§ **DATA LISTING**:

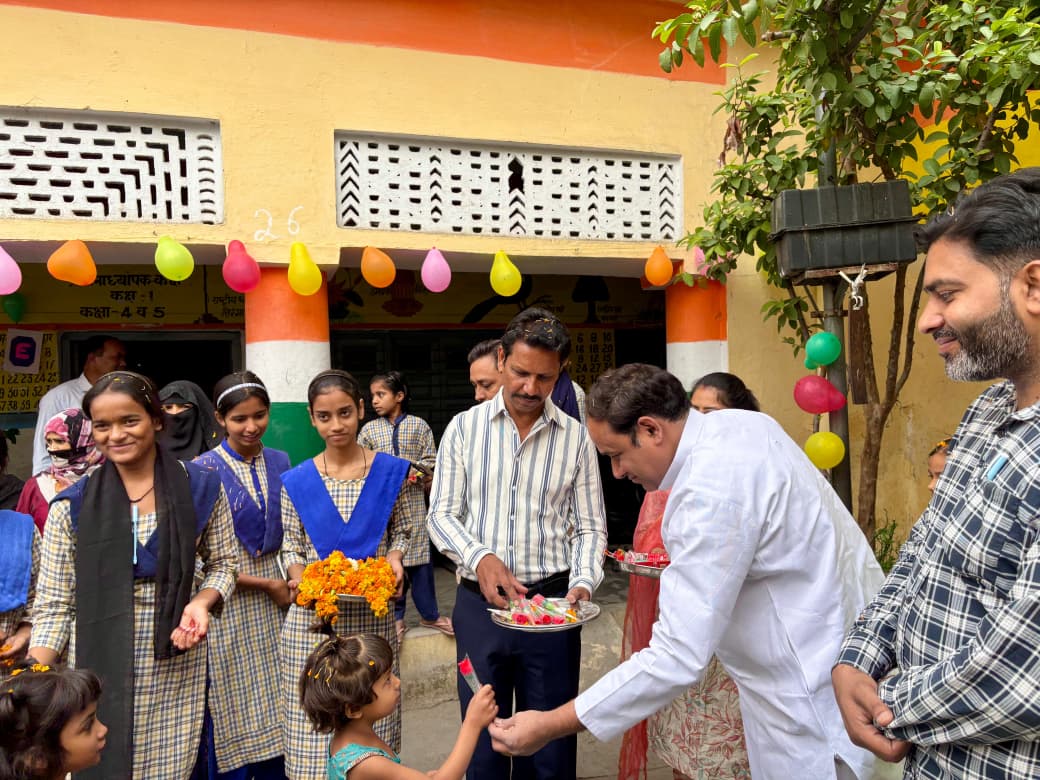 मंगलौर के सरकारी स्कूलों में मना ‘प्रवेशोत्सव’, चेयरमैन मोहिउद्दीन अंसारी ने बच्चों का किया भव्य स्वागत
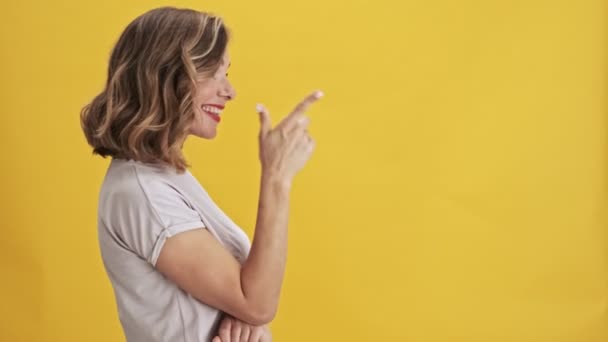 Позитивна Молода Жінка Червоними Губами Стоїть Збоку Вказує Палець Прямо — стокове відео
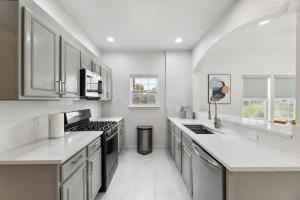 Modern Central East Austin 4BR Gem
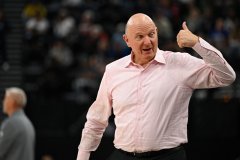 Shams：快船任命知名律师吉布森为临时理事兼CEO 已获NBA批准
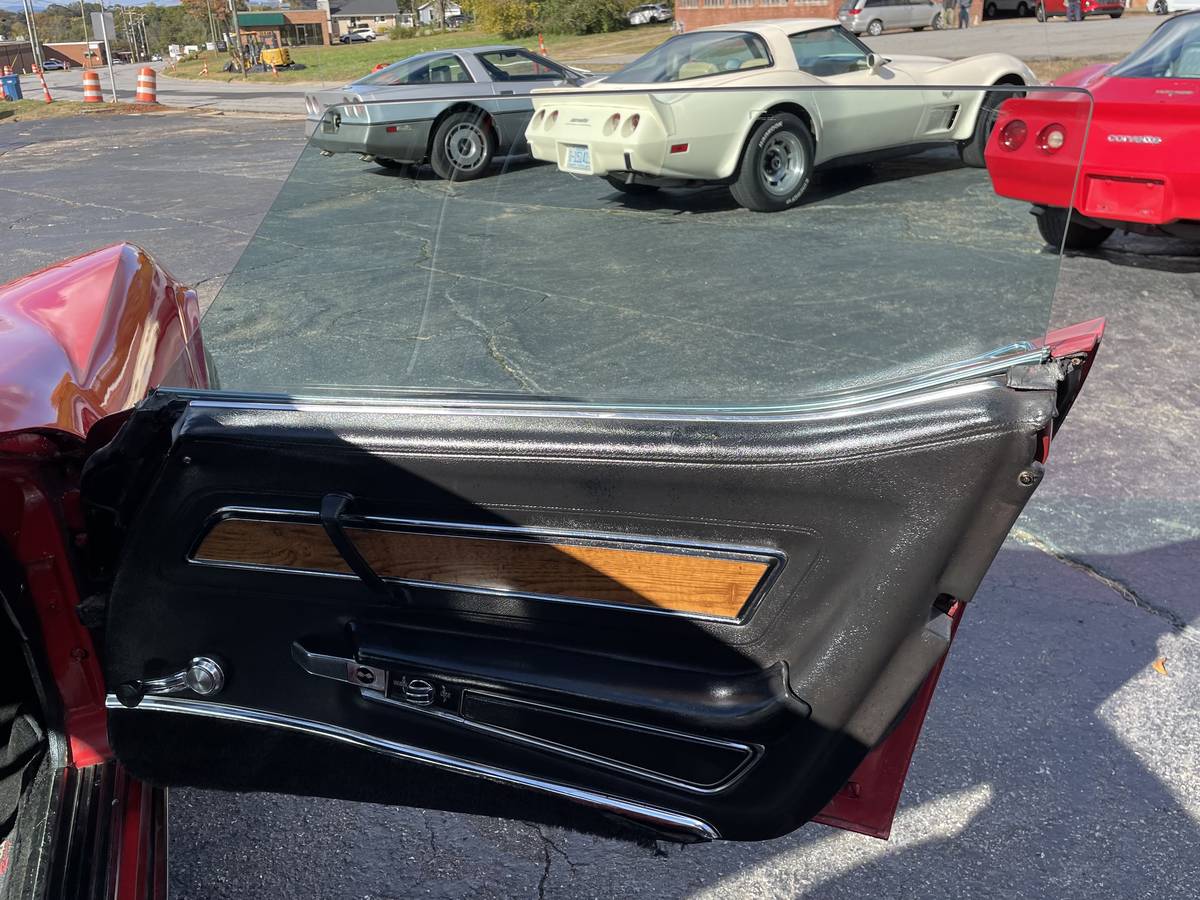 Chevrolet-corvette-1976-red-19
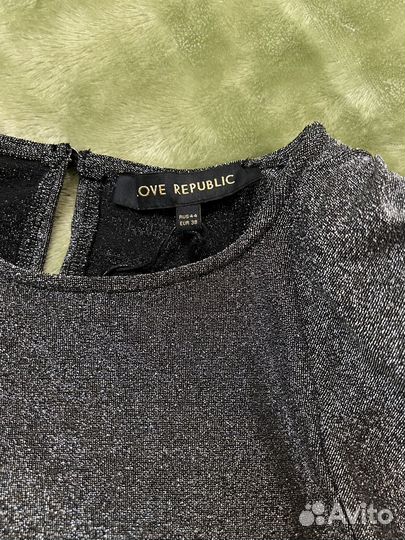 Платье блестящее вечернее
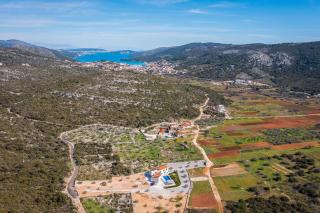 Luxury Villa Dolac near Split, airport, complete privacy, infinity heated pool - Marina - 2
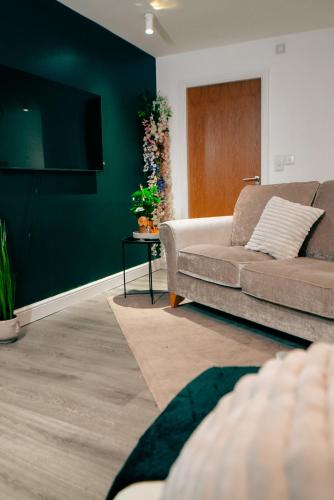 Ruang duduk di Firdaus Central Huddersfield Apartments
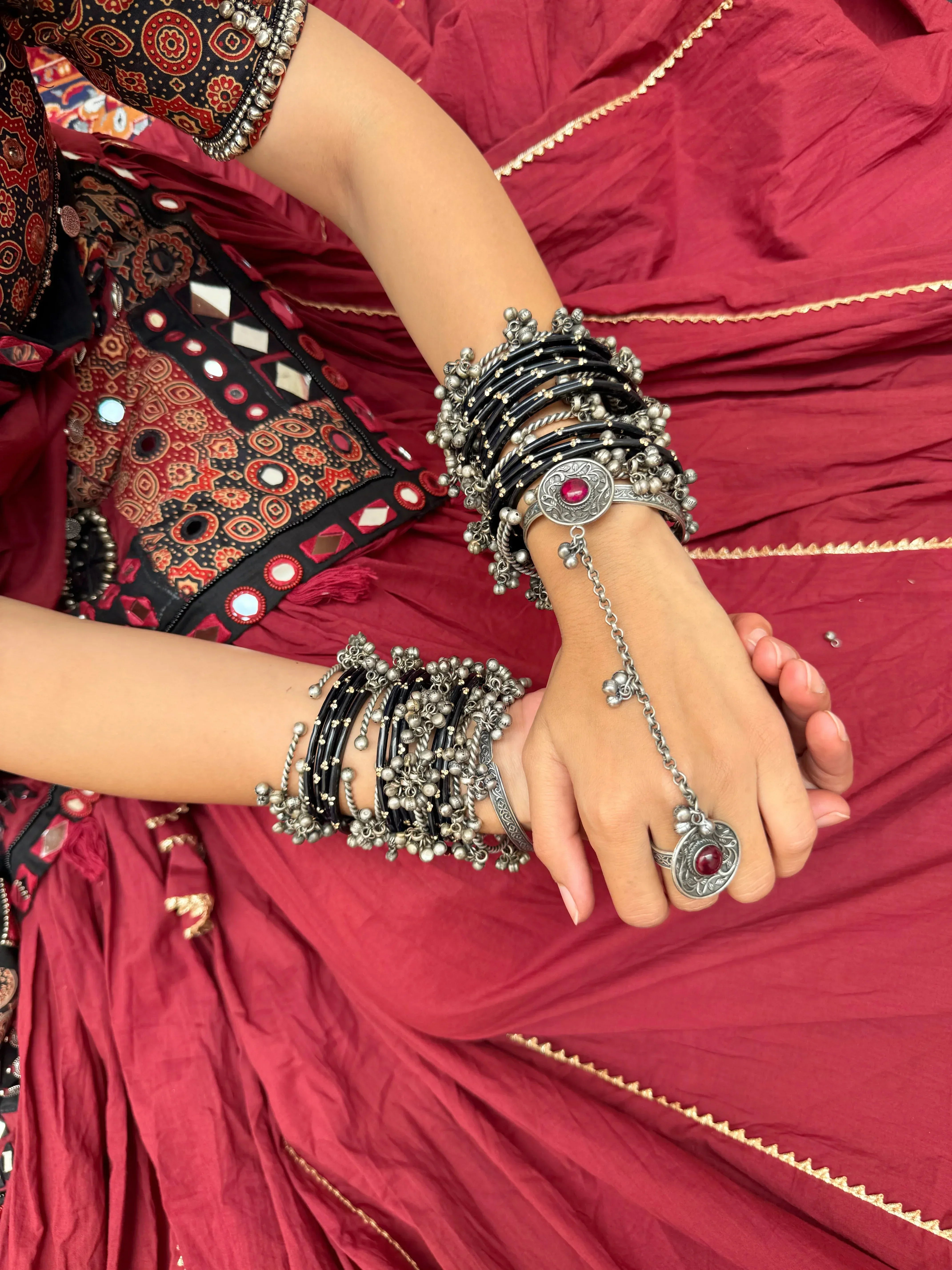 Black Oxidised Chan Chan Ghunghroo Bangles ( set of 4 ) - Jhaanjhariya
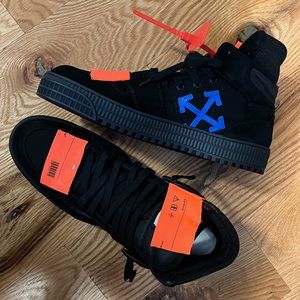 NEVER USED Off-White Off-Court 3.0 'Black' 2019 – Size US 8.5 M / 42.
* * *
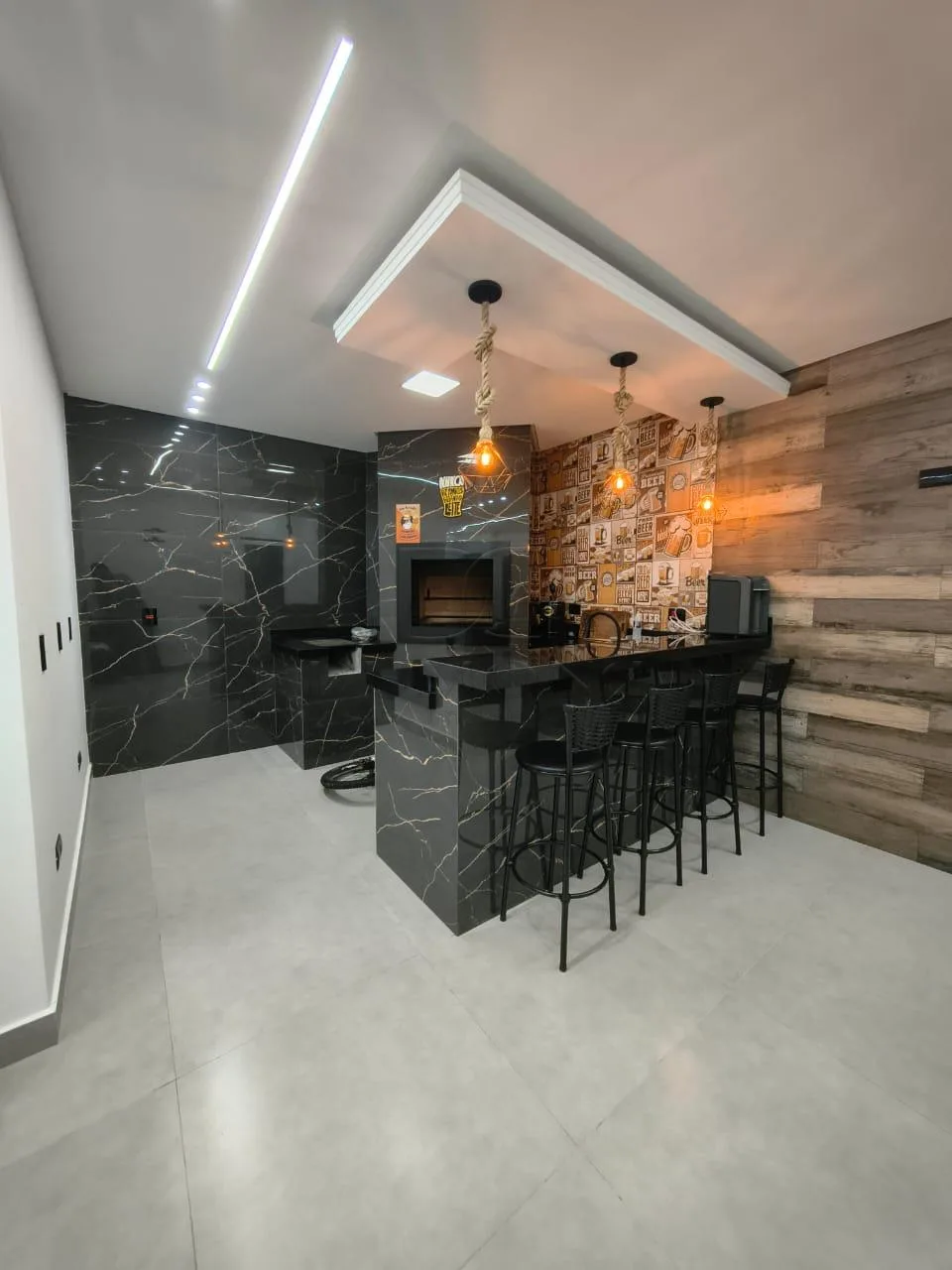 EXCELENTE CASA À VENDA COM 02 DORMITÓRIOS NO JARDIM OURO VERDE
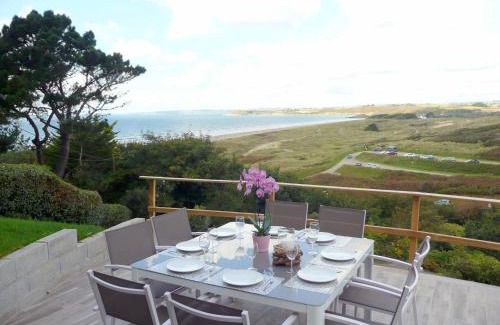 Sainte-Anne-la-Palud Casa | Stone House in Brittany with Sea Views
==
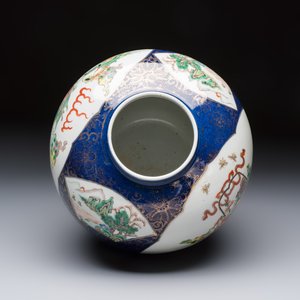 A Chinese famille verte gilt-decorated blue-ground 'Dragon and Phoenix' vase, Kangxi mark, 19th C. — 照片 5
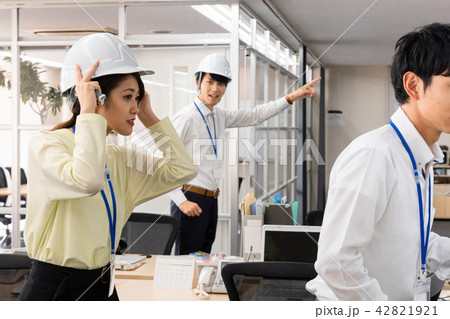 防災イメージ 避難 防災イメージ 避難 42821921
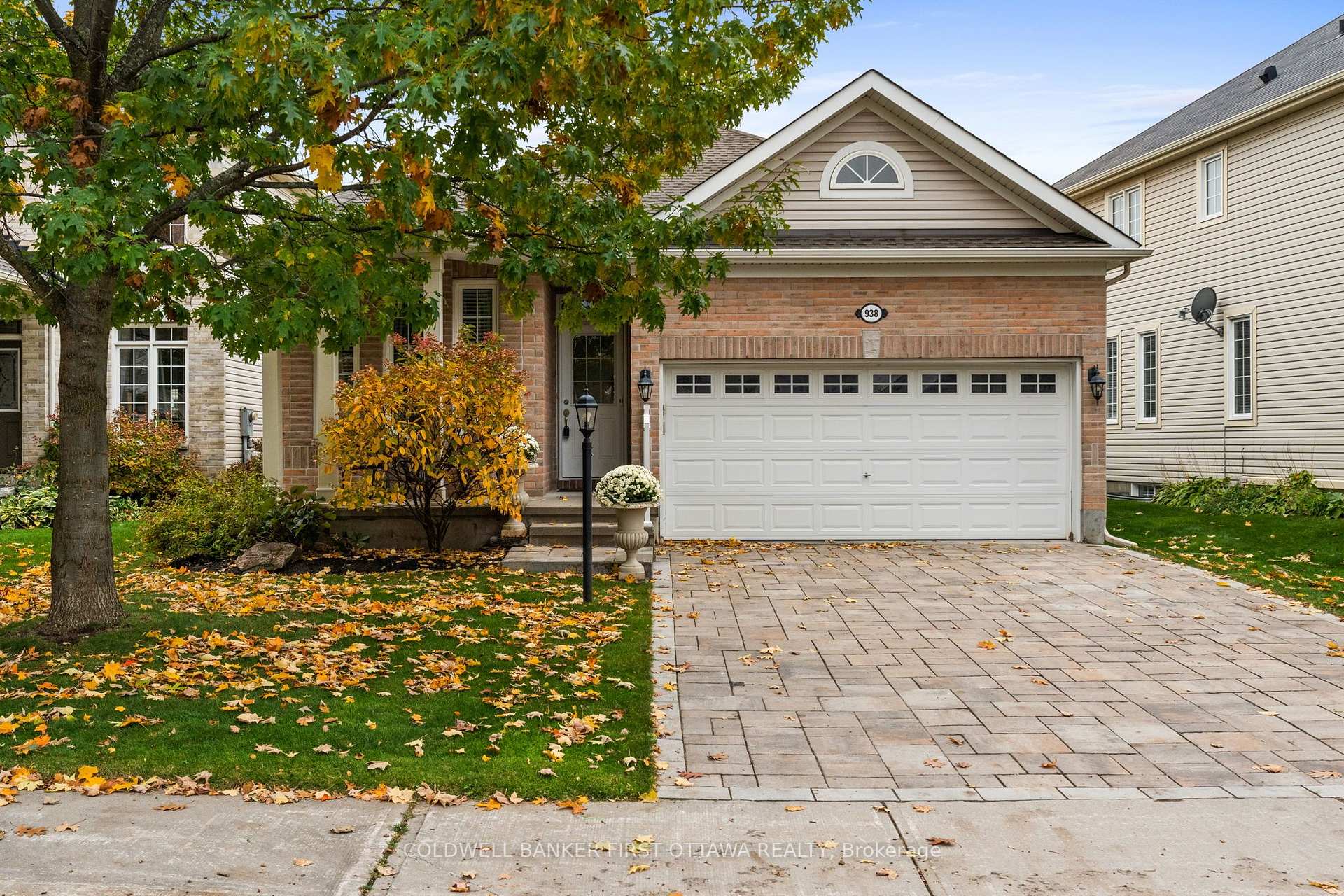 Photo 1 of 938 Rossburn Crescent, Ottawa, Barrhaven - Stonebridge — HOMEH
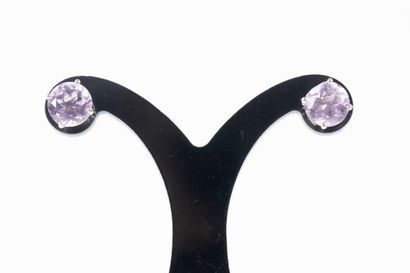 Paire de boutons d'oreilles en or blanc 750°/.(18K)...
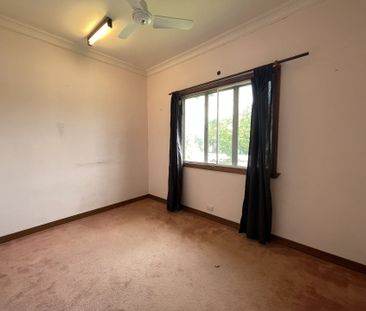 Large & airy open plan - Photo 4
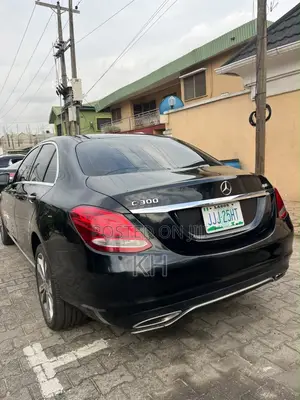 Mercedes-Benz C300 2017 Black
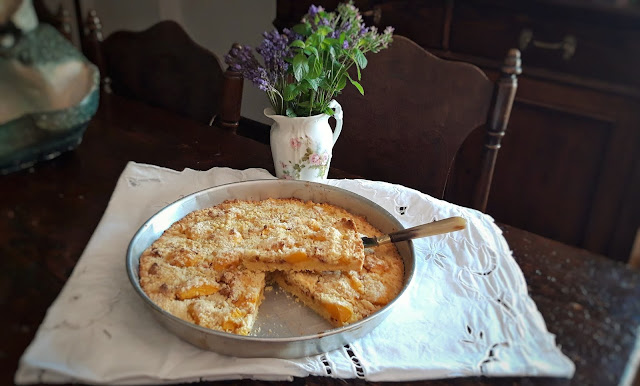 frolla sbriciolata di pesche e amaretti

§ **TASK STATEMENT**: Beginning with the line above that has "Mercedes-Benz C300 2017 Black" and going on through the line that has "frolla sbriciolata di pesche e amaretti", retype every line exactly and add nothing else; drop the pictures.

§ **RESULT OF THIS EXERCISE**:
 Mercedes-Benz C300 2017 Black
 frolla sbriciolata di pesche e amaretti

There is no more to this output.